[Records from a dataset]

<<<<

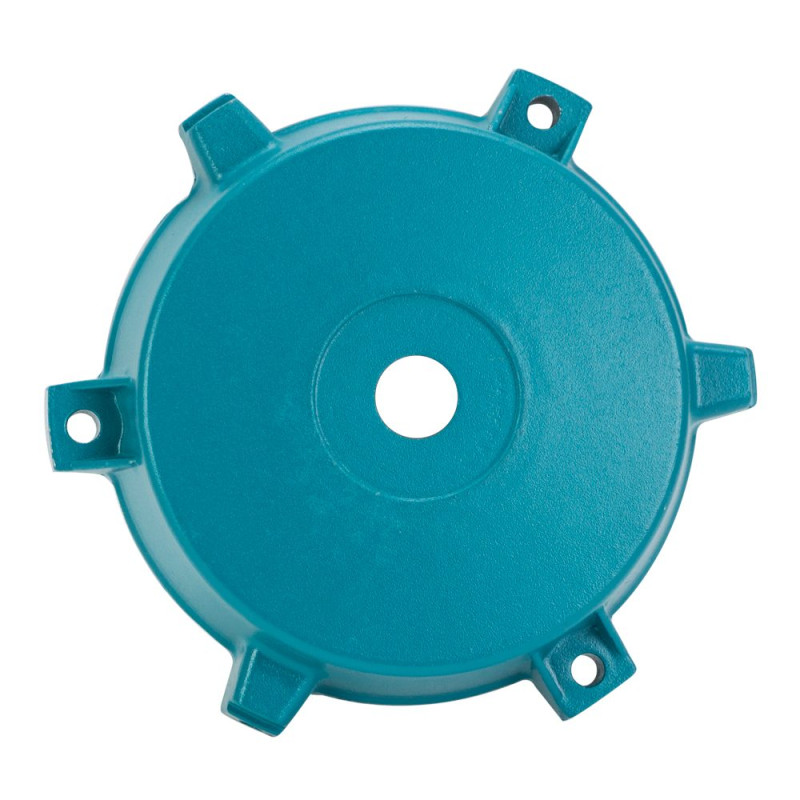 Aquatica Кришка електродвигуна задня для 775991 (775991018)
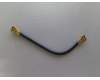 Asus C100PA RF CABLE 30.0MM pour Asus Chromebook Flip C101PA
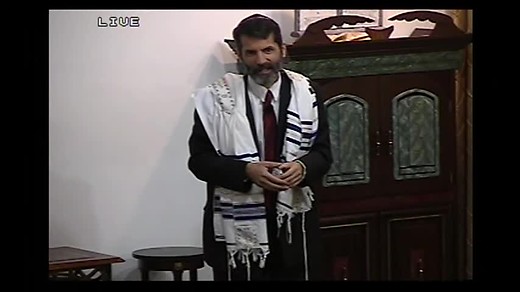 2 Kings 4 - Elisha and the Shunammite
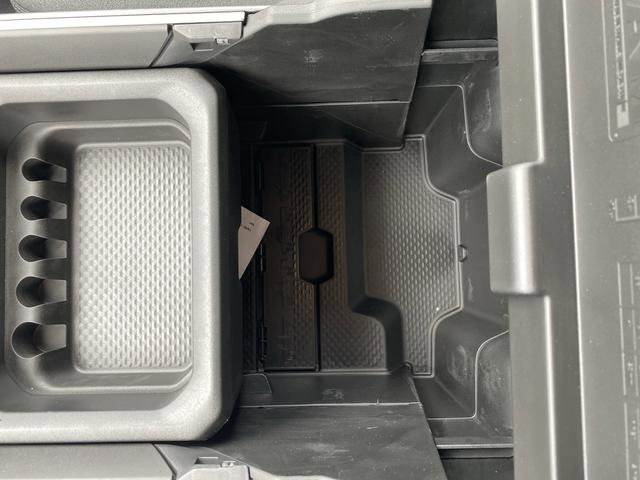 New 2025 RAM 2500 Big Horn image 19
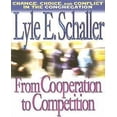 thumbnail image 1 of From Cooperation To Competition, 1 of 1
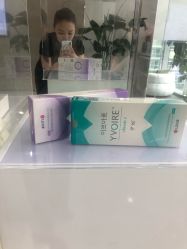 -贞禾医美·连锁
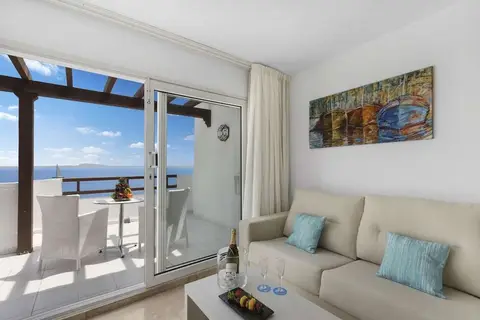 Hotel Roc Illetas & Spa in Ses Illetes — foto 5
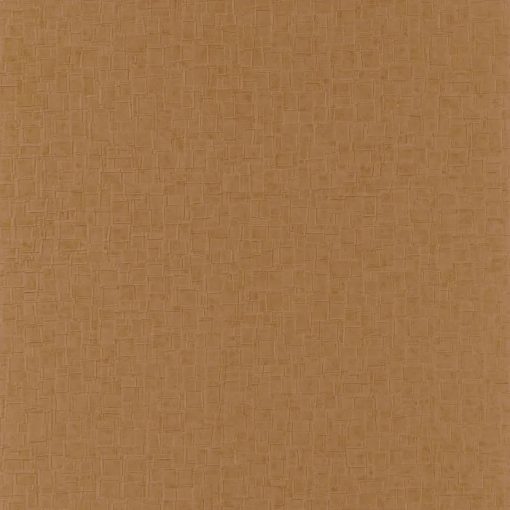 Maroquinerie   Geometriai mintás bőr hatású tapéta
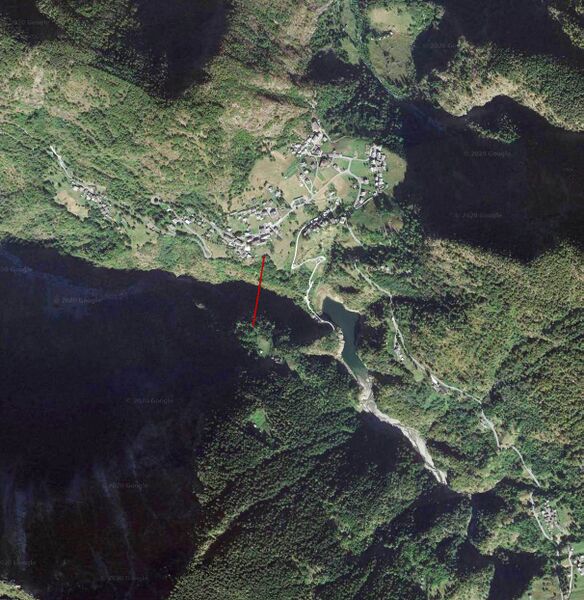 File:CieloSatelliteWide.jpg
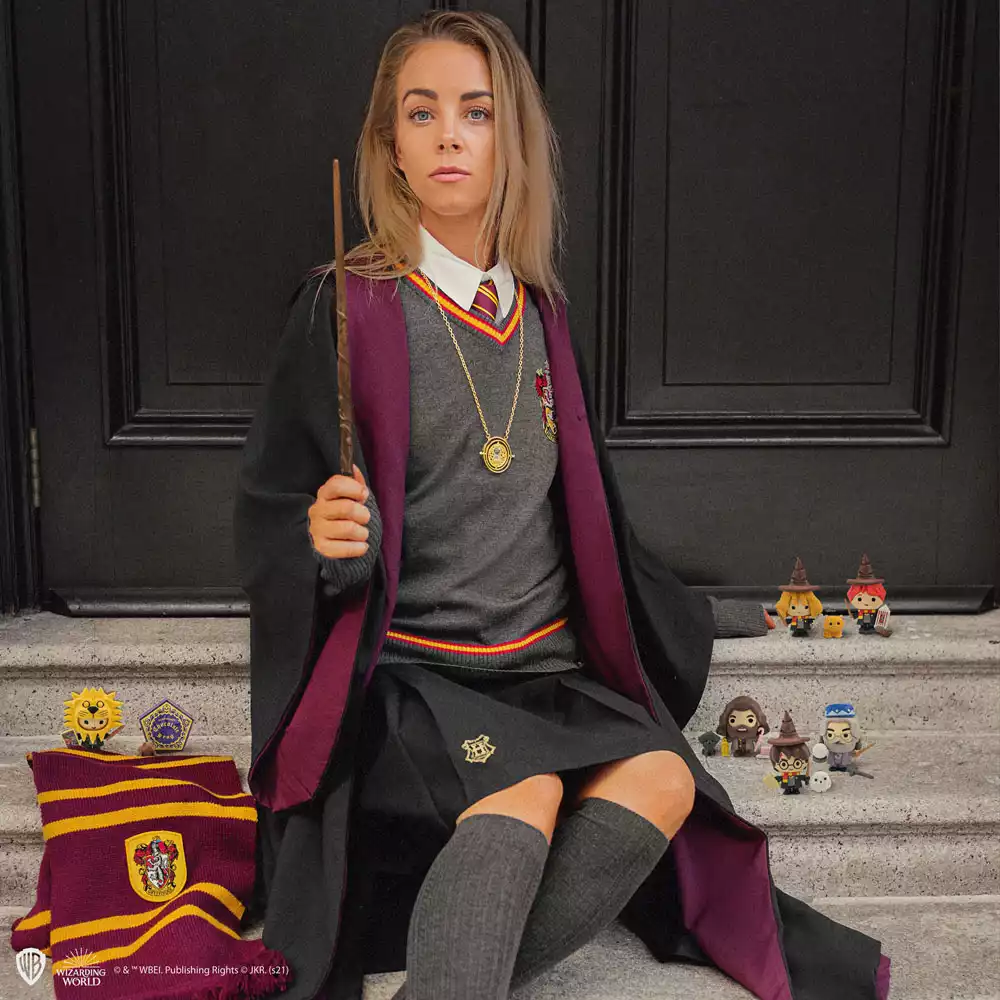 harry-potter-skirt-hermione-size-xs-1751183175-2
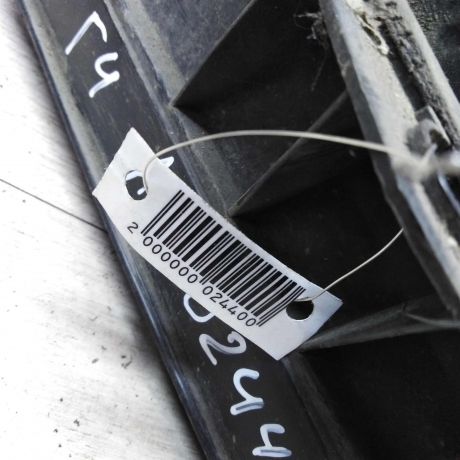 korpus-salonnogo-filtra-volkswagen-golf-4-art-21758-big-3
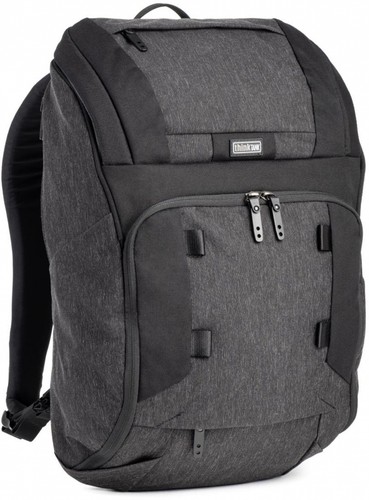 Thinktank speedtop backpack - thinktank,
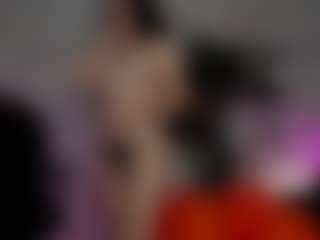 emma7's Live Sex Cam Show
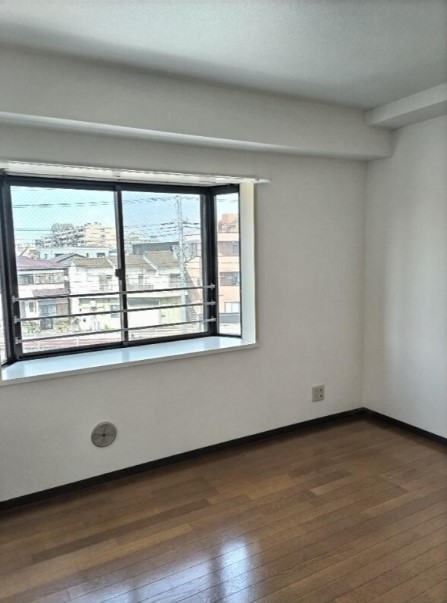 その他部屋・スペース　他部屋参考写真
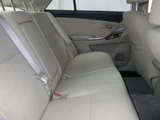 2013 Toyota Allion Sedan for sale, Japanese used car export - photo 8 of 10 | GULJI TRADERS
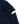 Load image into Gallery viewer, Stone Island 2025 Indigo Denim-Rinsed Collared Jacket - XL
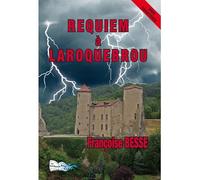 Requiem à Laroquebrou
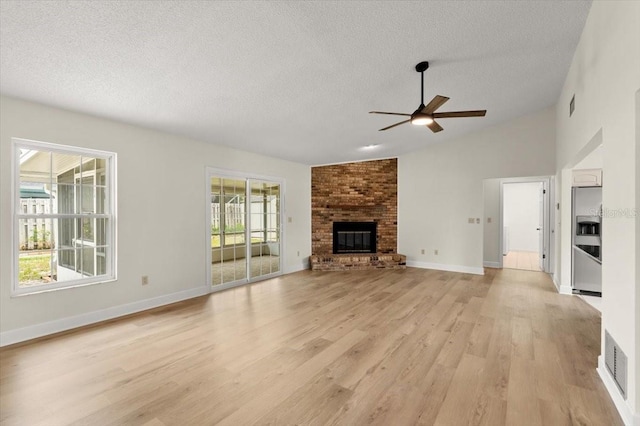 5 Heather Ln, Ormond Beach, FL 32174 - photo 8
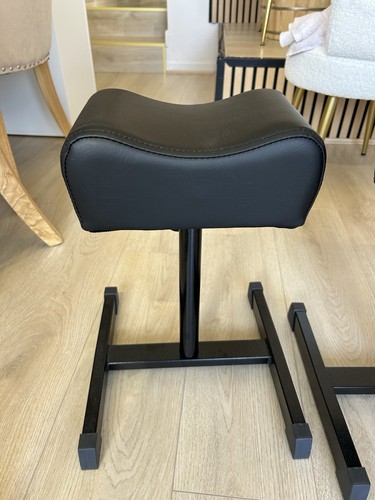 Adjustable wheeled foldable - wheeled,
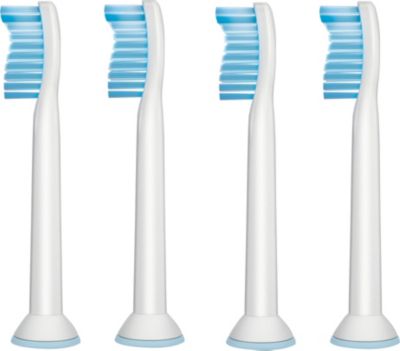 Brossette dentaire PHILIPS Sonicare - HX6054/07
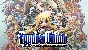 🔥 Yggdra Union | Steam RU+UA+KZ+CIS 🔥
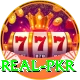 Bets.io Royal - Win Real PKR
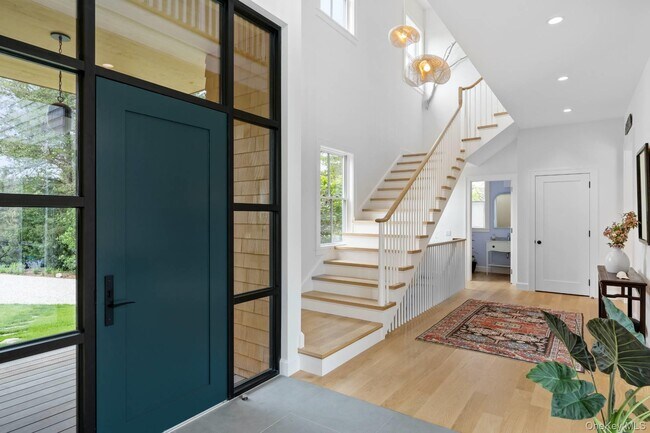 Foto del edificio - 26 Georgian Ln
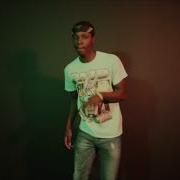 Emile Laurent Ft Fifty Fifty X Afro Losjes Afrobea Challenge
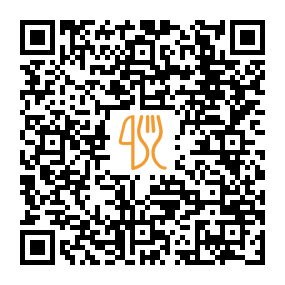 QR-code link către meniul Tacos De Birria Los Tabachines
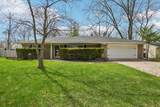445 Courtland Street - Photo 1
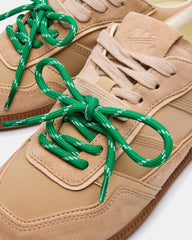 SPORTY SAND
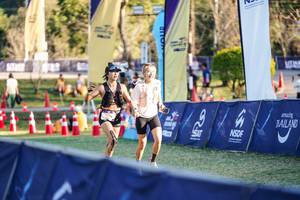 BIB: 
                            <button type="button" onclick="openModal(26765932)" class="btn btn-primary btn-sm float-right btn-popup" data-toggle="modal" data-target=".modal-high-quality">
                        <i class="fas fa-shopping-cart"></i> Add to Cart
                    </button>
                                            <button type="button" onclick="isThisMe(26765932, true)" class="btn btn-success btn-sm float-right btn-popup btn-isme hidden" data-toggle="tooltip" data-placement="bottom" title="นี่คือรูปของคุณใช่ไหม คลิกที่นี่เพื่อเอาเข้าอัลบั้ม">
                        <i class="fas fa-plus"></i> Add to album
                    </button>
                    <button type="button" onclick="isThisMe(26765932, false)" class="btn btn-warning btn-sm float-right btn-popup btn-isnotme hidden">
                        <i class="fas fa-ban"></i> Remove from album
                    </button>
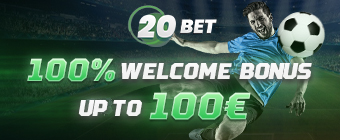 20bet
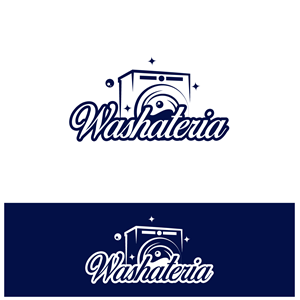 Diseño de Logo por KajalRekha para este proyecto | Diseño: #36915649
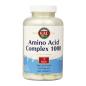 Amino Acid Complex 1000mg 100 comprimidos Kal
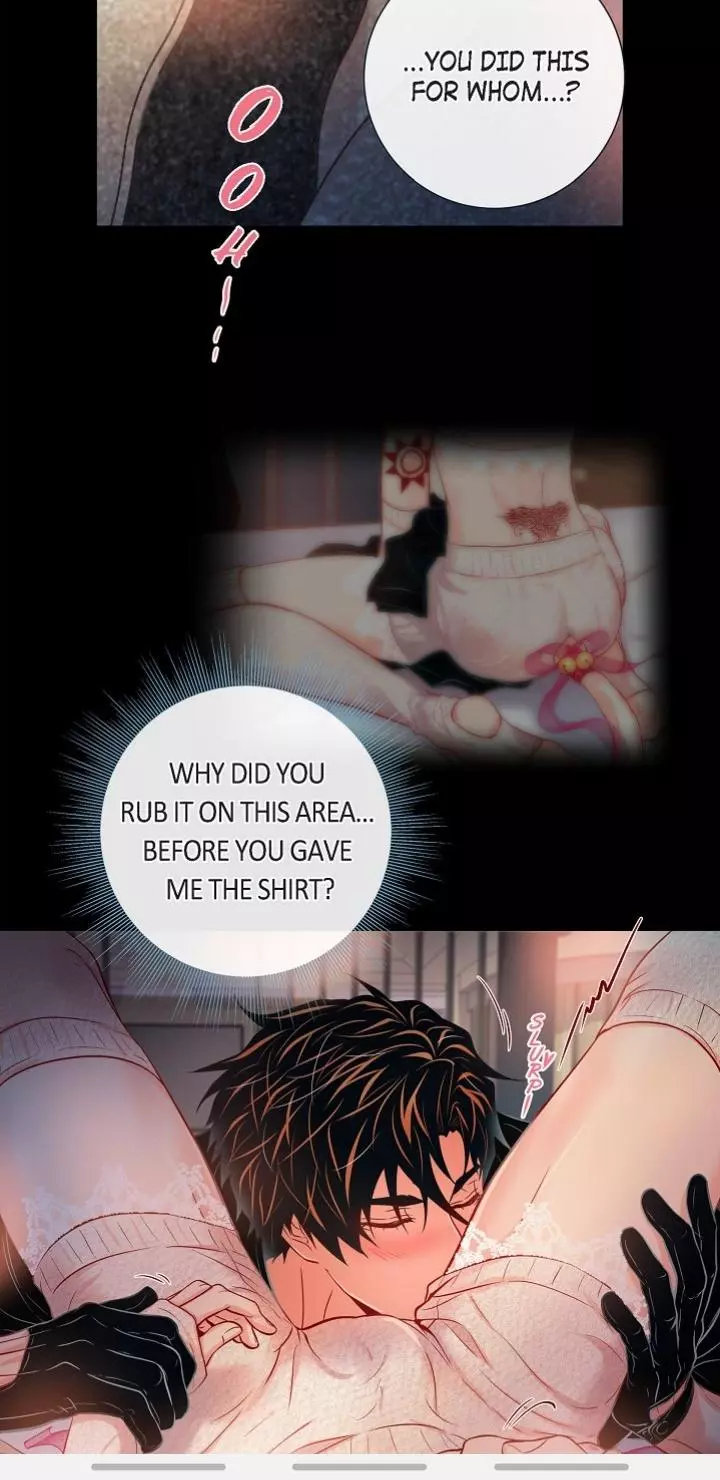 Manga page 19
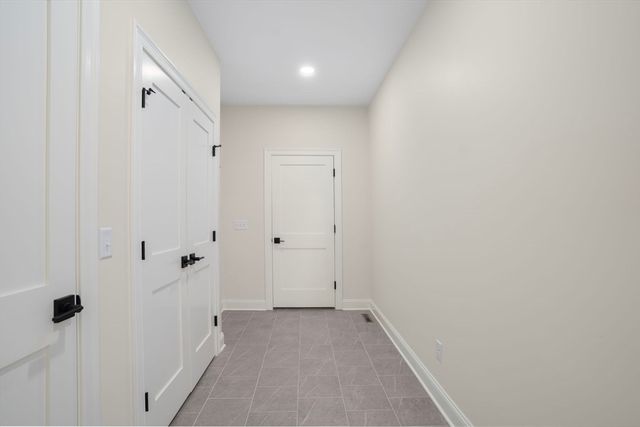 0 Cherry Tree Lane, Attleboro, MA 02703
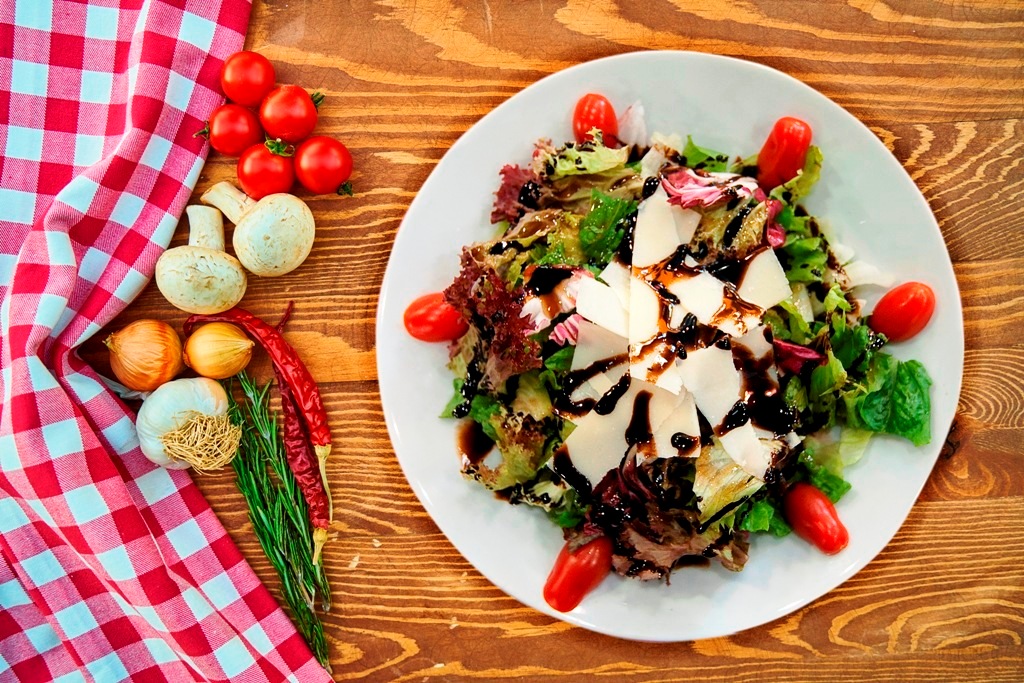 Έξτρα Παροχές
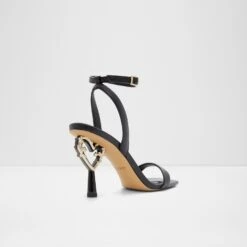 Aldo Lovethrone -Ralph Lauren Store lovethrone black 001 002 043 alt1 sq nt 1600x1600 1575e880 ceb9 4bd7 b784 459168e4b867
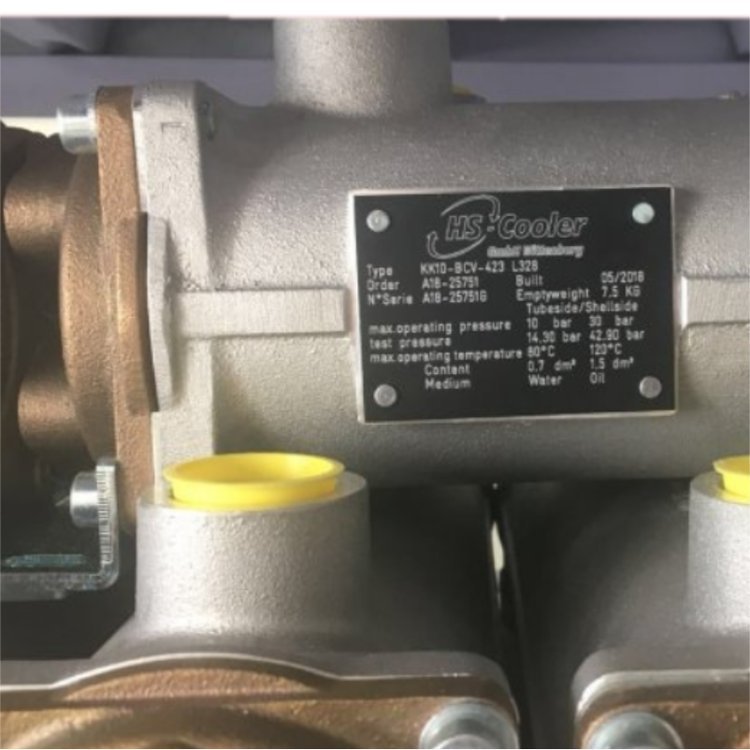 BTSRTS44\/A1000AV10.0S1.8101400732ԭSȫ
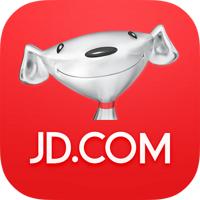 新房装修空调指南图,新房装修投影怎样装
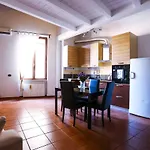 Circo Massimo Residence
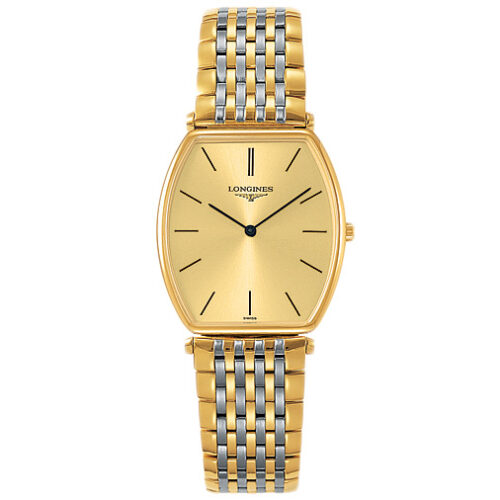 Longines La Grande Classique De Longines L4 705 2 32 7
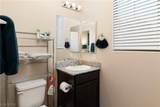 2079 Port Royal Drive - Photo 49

>>>>

§ **Requirement**
Copy the lines starting at the line that contains "btn-success btn-sm float-right" and running to the final line of the entries, inclusive; omit all pictures.

§ **Result for this task**
                                            <button type="button" onclick="isThisMe(26765932, true)" class="btn btn-success btn-sm float-right btn-popup btn-isme hidden" data-toggle="tooltip" data-placement="bottom" title="นี่คือรูปของคุณใช่ไหม คลิกที่นี่เพื่อเอาเข้าอัลบั้ม">
                        <i class="fas fa-plus"></i> Add to album
                    </button>
                    <button type="button" onclick="isThisMe(26765932, false)" class="btn btn-warning btn-sm float-right btn-popup btn-isnotme hidden">
                        <i class="fas fa-ban"></i> Remove from album
                    </button>
 20bet
 Diseño de Logo por KajalRekha para este proyecto | Diseño: #36915649
 Amino Acid Complex 1000mg 100 comprimidos Kal
 Manga page 19
 0 Cherry Tree Lane, Attleboro, MA 02703
 Έξτρα Παροχές
 Aldo Lovethrone -Ralph Lauren Store lovethrone black 001 002 043 alt1 sq nt 1600x1600 1575e880 ceb9 4bd7 b784 459168e4b867
 BTSRTS44\/A1000AV10.0S1.8101400732ԭSȫ
 新房装修空调指南图,新房装修投影怎样装
 Circo Massimo Residence
 Longines La Grande Classique De Longines L4 705 2 32 7
 2079 Port Royal Drive - Photo 49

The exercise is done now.